Wheelchair Van Makers

Wheelchair van makers see growth

But retailing isn't for everyone

Colorado retailer Tim Myers sums up his optimistic outlook for the wheelchair van market this way: More Americans with disabilities simply want vehicle mobility. And that's creating an opportunity for retailers.

"It's a growing niche market," says Myers, manager of MV-1 wheelchair-accessible vehicles for Medved Auto Group near Denver. "There's increasing awareness that mobility is available to Americans with disabilities.

"There are wounded warriors who now receive vehicle benefits from the Veterans Administration. And there is the aging baby boomer generation -- some of whom simply want a vehicle that you can roll a Hoveround scooter into."

Medved may sound like a medical equipment company, but it is the name of CEO John Medved, whose dealership group sells Buick, Cadillac, Chevrolet, GMC, Ford, Chrysler, Dodge, Jeep and Ram. Last year, the group also sold its first 100 MV-1 vehicles, retailing for about $55,000 each.

The MV-1 is built on the former Hummer H2 line in Mishawaka, Ind., by AM General for Vehicle Production Group, a suburban Detroit maker of wheelchair-accessible vans. The MV-1 uses a platform originally intended to be a taxicab, rides on a chassis engineered by Roush Perfomance and is powered by a 248-hp V-8 engine from Ford Motor Co.

Retail expansion

Profitable enough that the three key players in the wheelchair-accessible van segment -- Vehicle Production Group, Braun Corp. of Winamac, Ind., and Vantage Mobility International of Phoenix -- are looking for more U.S. retailers.

Vehicle Production Group has 85 dealers and CEO John Walsh intends to take the network to 150 by the third quarter.
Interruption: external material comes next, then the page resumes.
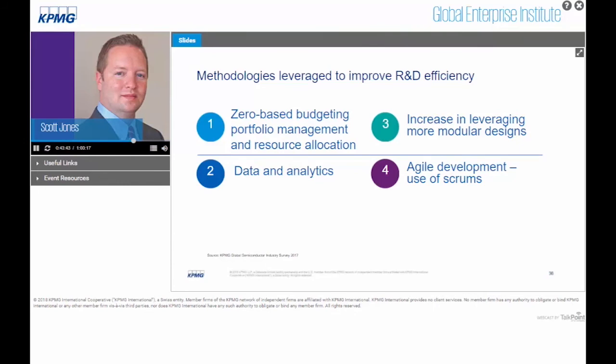Numbers three and four are something we think is a bit innovative in the industry. Companies are really starting to use approaches brought from the software side of technology — increasing the use of modular designs and reuse, and then using an agile development process, with scrum teams and sprints applied to the semiconductor development lifecycle. These are areas where you're starting to see cross-pollination of best practices from software companies like Google and Facebook, being leveraged by semiconductor companies in the R&D process.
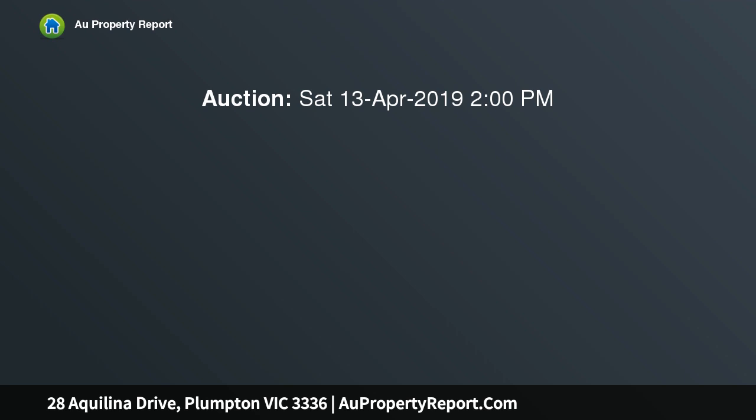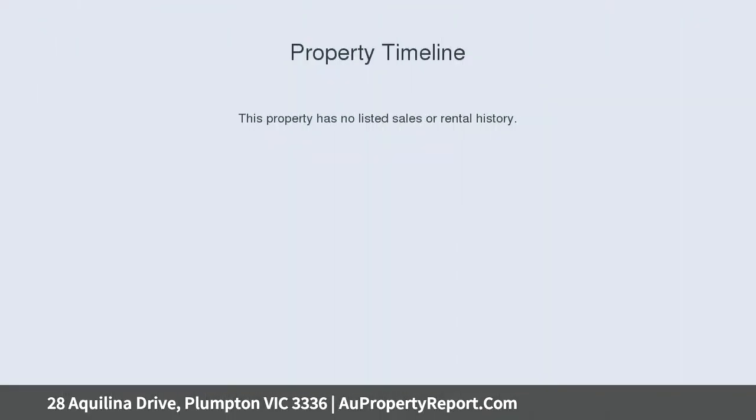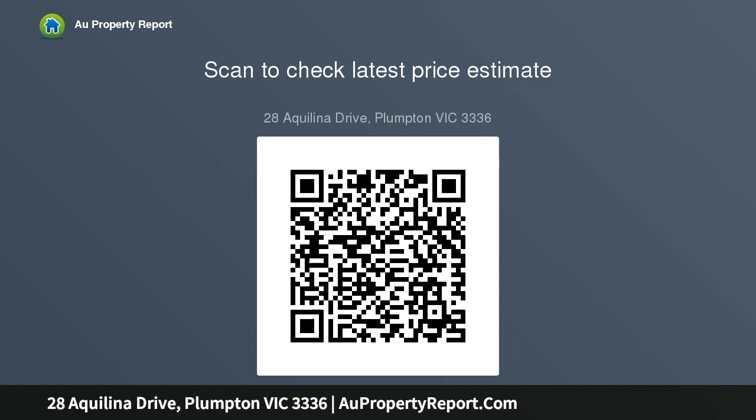Must be sold. Looking for a beautifully well-maintained home to start your growing family, with comfortable yard space, all situated just minutes from the train station, M7 and M4 motorways, schools, transport and shops? Then look no further than this spacious 5 bedroom brick home with loads of potential and plenty.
Braun has 215 retail locations and wants to have 260 within two years.

Vantage Mobility also is expanding its network of 250 dealers.

"We are actively recruiting mobility dealers in 20 markets," Vantage Mobility CEO Doug Eaton says. "If there's an auto dealer who can help us service, market and sell the vans, we'd love to work with them. In our business, we do things a little different. Automakers might put 12 dealers into a major market. We have just one or two per city."

Eaton estimates that the wheelchair-accessible van market is poised to triple, from about 15,000 units a year now to around 45,000 in five or six years.

"Baby boomers are turning 65 at the rate of 10,000 a day," he says. "And that will keep up for the next 17 years. Age-related disabilities will follow, and people are now living longer. So it's really a perfect storm for our demographic."

Another piece of the equation: disabled American veterans. Benefits for vehicle purchases go to veterans who were disabled in the line of duty, as well as those injured outside the war arena, in some cases covering more than $40,000 of the final sticker price. And some benefits recur over the veterans' lives.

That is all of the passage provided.